Effect of the rotational speeds of the screw conveyor and milling roller on the behaviour of grain flows in the connected chamber of a vertical “conveying-milling” rice mill

Abstract

The continuous feeding rice into a rice mill is one of the main factors affecting milling quality. Understanding the conveying mechanism of rice in the connected chamber is the key to control the feeding, however the internal mechanisms involved remain poorly understood. In this work, the discrete element method was used to simulate rice movement in a rice mill and the validity of the simulation verified by experiments. The influence of rotational speed ratio i on rice conveying effect in connected chamber was analysed. A mathematical model involving the relationship between mill parameters and conveying uniformity was established. The simulations showed that particle groups will enter continuous limited state when particles enter the entrance of milling chamber. In particular, when i was 0.5 and 0.75, the flux near the shaft is even <0. With the increase of i , the rice conveying efficiency increased, but the milling time decreased. When i was <1.25, the amount fed into the milling chamber gradually increased but then suddenly decreased when i was >1.25. The ability of the particle group breaking through the restriction of convex rib increased with i . Thus, the phenomenon of uneven conveying can occur in the conveying process and the mechanism involved is convection.
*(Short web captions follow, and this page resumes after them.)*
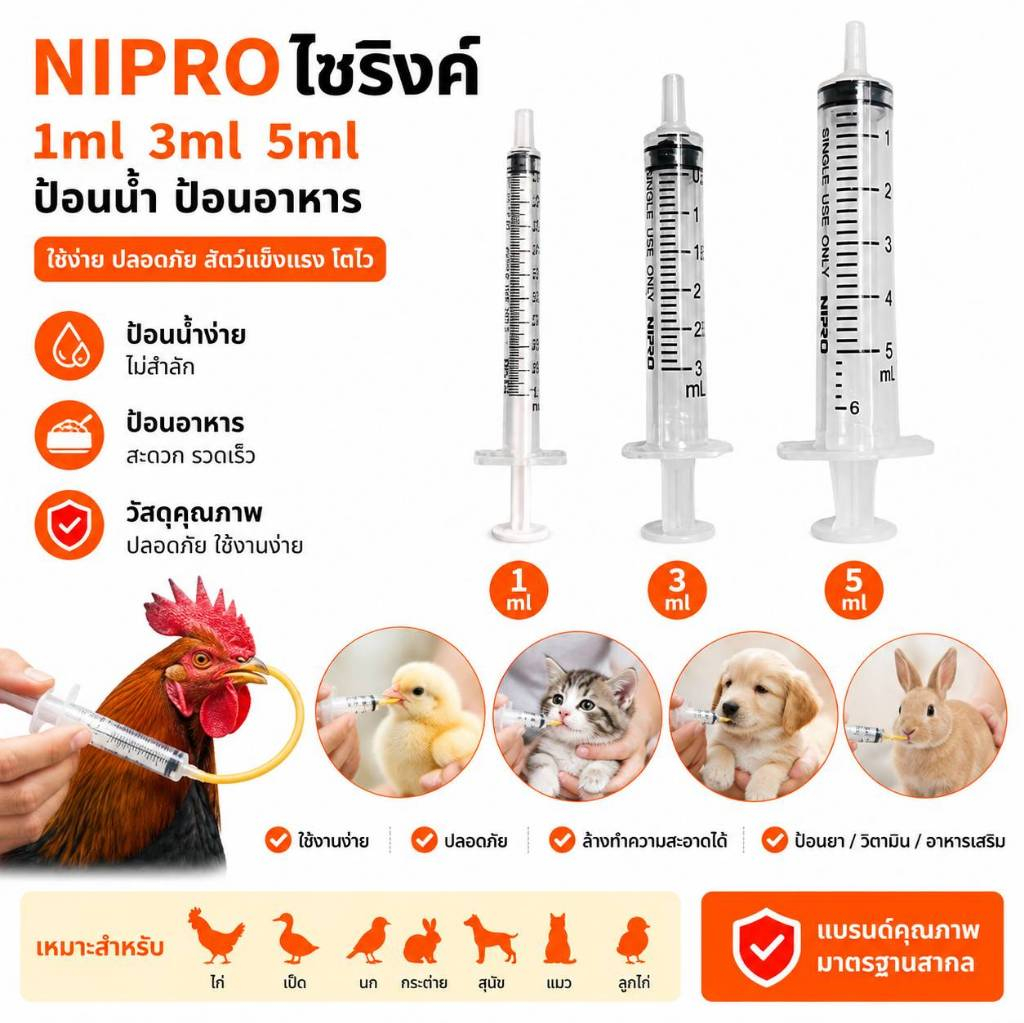 ไซริงค์อเนกประสงค์ Nipro (ขนาด 1ml 3ml 5ml) สำหรับป้อนน้ำ ป้อนอาหาร ไก่ชน และสัตว์เลี้ยง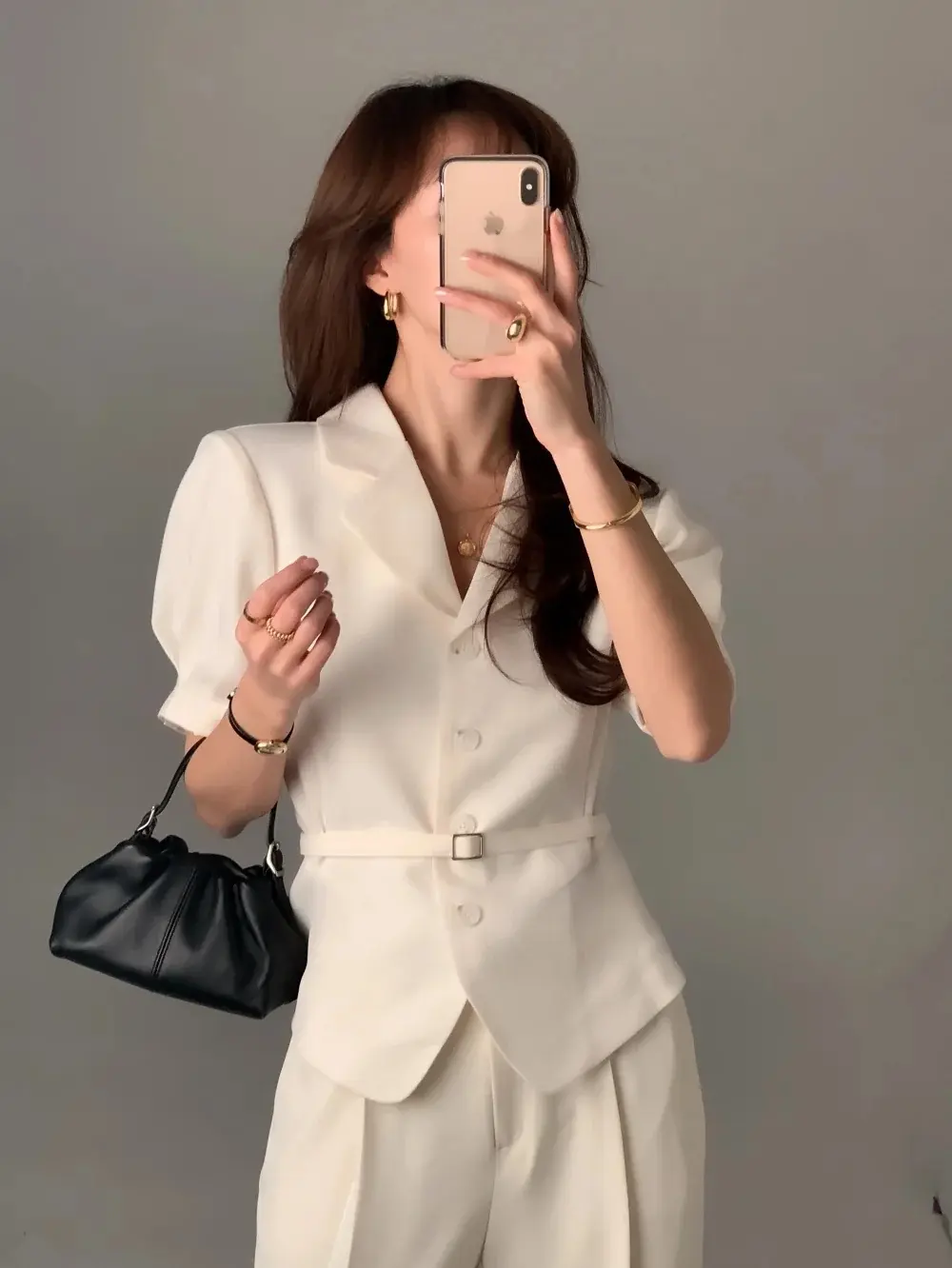 프렌치 스타일 셔츠 카라 단추 여밈 셔츠 상세 이미지 45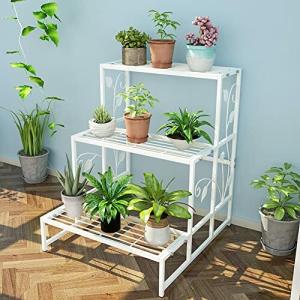 Floralies プランタースタンド アイアン 鉄製 アイビースタンド ガーデンラック 屋外 錆びない 2段 3段 横型 花台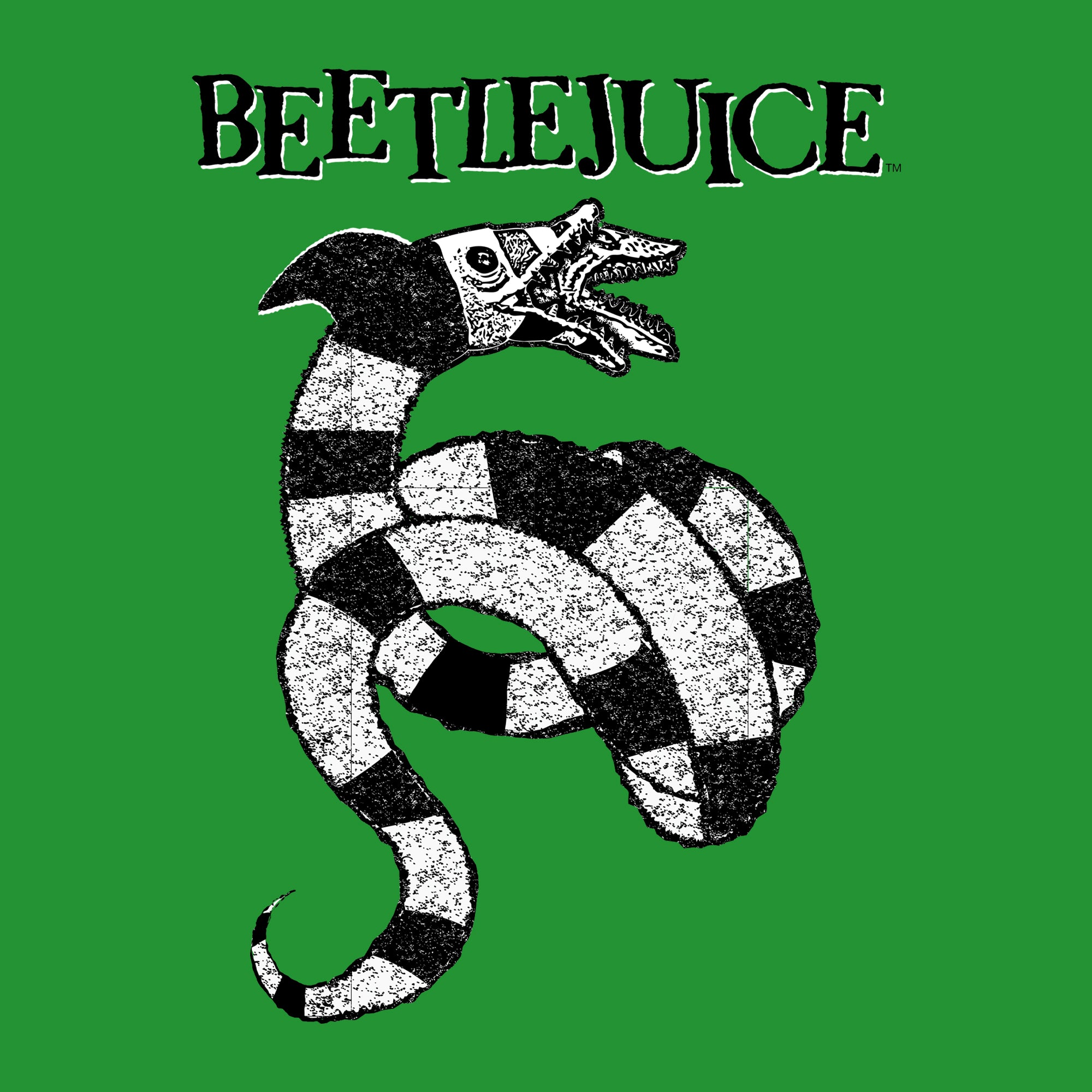 image on front of shirt: sandworm. text: beetlejuice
The degree of axial mixing is closely related to the sweep volume difference between screw conveyor and convex rib. This study helped clarify the rice conveying mechanism and provided guidance for the design of rice mills and similar equipment. • Rice will enter a continuous limited state when they enter milling chamber entrance. • Conveying efficiency increases but milling time decreases with the increase of i. • The axial movement of rice particles is mainly inhibited by convex ribs. • Rice axial mixing is decided by swept volume difference between screw and rib.